Even with a good job from a caring employer, letting states set their own essential benefits (which effectively kills pre-existing conditions protections) means very simply that you and I could both end up with useless health insurance that has annual and lifetime limits. That's because many insurance providers are going to take any cost-saving loophole they can. Or maybe I'll spend the rest of my life in high-risk pools with unconscionable premiums just because one of my balls randomly turned against me when I was 29.
This is a story that will be repeated millions of times across America if the Senate's bill takes hold. People everywhere will get priced out of having insurance or go bankrupt simply for having dealt with human conditions, such as a surprise bit of cancer or having a kid. This collapse in people able to pay for healthcare will then hit doctors and hospitals, and the whole system, and our collective health, will get worse.

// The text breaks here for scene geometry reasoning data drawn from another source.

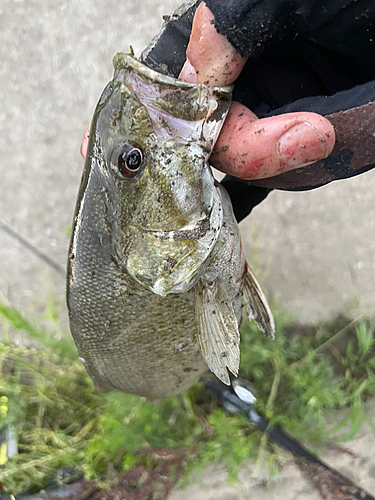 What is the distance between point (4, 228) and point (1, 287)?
424mm

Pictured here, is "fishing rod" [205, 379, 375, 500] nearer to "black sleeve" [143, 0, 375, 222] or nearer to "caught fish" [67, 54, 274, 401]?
"caught fish" [67, 54, 274, 401]

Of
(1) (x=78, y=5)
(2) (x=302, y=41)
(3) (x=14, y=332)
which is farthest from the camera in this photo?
(3) (x=14, y=332)

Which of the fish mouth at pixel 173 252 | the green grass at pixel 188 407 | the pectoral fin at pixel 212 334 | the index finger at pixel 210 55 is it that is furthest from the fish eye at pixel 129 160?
the green grass at pixel 188 407

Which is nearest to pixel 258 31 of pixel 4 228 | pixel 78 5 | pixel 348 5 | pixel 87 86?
pixel 348 5

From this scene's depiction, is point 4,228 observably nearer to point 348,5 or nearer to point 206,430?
point 206,430

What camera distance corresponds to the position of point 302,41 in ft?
3.29

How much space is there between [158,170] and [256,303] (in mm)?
709

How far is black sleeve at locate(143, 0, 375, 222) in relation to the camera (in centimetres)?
78

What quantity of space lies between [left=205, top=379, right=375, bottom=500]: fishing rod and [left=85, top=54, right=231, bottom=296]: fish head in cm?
126

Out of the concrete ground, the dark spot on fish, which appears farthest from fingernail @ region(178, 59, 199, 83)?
the concrete ground

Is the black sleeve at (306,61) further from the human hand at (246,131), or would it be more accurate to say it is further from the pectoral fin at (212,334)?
the pectoral fin at (212,334)

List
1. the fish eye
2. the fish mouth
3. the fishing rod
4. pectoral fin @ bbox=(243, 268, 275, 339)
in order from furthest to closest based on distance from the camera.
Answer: the fishing rod
pectoral fin @ bbox=(243, 268, 275, 339)
the fish mouth
the fish eye

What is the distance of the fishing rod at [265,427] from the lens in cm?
177

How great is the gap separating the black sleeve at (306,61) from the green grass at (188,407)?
47.0 inches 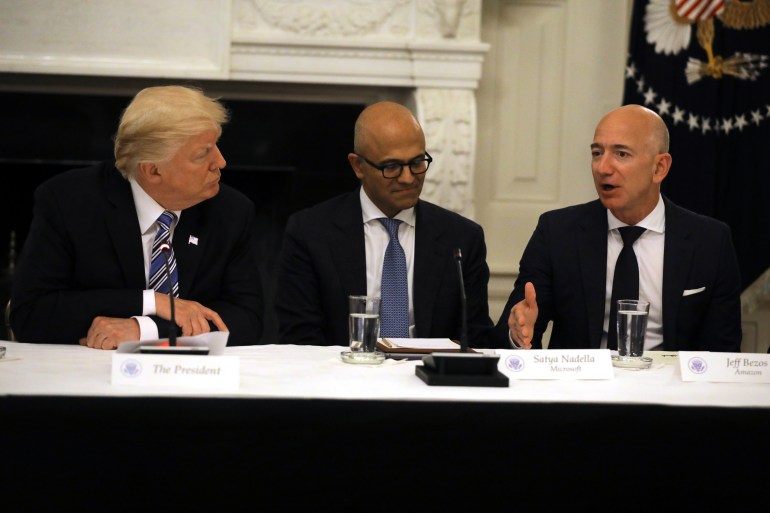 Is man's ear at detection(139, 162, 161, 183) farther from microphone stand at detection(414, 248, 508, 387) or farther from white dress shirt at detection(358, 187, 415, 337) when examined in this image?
microphone stand at detection(414, 248, 508, 387)

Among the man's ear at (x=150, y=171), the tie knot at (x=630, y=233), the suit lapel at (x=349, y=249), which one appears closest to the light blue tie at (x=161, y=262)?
the man's ear at (x=150, y=171)

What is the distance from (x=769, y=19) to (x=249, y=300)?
2.99m

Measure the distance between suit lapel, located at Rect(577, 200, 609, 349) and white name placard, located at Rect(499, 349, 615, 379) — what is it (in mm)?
838

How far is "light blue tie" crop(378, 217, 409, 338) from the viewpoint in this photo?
2.81 m

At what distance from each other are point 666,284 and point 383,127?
3.08 feet

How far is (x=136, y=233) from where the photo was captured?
2510 mm

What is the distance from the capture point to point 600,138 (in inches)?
116

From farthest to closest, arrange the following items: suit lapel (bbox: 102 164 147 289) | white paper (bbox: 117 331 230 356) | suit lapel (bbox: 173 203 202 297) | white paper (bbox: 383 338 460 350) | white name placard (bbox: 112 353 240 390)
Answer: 1. suit lapel (bbox: 173 203 202 297)
2. suit lapel (bbox: 102 164 147 289)
3. white paper (bbox: 383 338 460 350)
4. white paper (bbox: 117 331 230 356)
5. white name placard (bbox: 112 353 240 390)

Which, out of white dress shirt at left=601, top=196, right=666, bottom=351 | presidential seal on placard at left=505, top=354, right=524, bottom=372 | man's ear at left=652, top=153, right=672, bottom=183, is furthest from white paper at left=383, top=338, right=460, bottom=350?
man's ear at left=652, top=153, right=672, bottom=183

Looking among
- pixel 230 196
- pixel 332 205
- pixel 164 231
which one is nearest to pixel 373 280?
pixel 332 205

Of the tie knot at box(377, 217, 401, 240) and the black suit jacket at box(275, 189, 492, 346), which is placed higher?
the tie knot at box(377, 217, 401, 240)

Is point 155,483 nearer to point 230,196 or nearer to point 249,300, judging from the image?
point 249,300

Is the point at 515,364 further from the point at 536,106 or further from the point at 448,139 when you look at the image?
the point at 536,106

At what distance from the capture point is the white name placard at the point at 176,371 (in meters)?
1.71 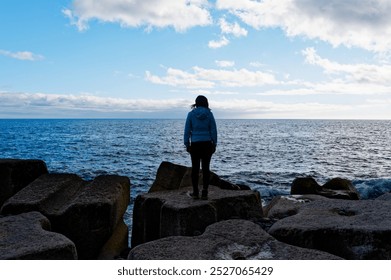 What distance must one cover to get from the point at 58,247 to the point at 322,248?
3170 mm

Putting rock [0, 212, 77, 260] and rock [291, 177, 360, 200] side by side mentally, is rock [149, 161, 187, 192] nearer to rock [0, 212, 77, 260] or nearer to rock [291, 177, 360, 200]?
rock [291, 177, 360, 200]

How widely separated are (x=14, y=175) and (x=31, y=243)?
4.05 meters

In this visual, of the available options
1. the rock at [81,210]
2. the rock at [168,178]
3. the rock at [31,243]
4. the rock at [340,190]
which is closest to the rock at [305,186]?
the rock at [340,190]

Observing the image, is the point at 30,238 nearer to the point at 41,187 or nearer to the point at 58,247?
the point at 58,247

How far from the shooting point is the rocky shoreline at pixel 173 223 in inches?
170

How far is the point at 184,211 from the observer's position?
19.5 feet

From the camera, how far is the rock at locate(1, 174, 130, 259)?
241 inches

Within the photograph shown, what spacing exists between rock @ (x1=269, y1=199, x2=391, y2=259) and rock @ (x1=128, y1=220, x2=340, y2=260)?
300mm

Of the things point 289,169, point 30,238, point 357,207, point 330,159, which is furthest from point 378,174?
point 30,238

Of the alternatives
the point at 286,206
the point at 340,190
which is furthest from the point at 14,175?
the point at 340,190

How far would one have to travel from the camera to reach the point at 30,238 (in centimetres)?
463

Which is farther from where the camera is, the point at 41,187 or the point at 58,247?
the point at 41,187

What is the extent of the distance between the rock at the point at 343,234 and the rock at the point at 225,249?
Result: 30cm

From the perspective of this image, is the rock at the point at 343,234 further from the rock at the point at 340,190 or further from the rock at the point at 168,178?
the rock at the point at 340,190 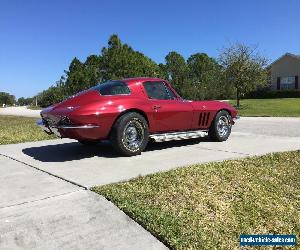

Paul Ryan has said that not buying health insurance is a choice, which is not only shockingly amoral toward patients, but displays an incredible level of dickishness to medical professionals as well. Ask any doctor, paramedic, or EMT and they will tell you of stories of patients who couldn't afford a checkup and let their treatable condition get worse and worse until they ended up in the emergency room for something way more expensive than the original problem. And hospitals will treat those patients, knowing that they are losing money doing so, because doctors are generally good people who care about healing people.
Taking useful insurance and turning it into meaningless nonsense is the main result of the Senate's proposed healthcare bill. The AARP has called out the bill's "age tax" because of how much premiums would be allowed to rise for the elderly. The lack of preexisting conditions protections, then, is a tax on being human, because the Senate is proposing shifting life-ruining costs of simply being alive onto most Americans for the sake of saving money for a few.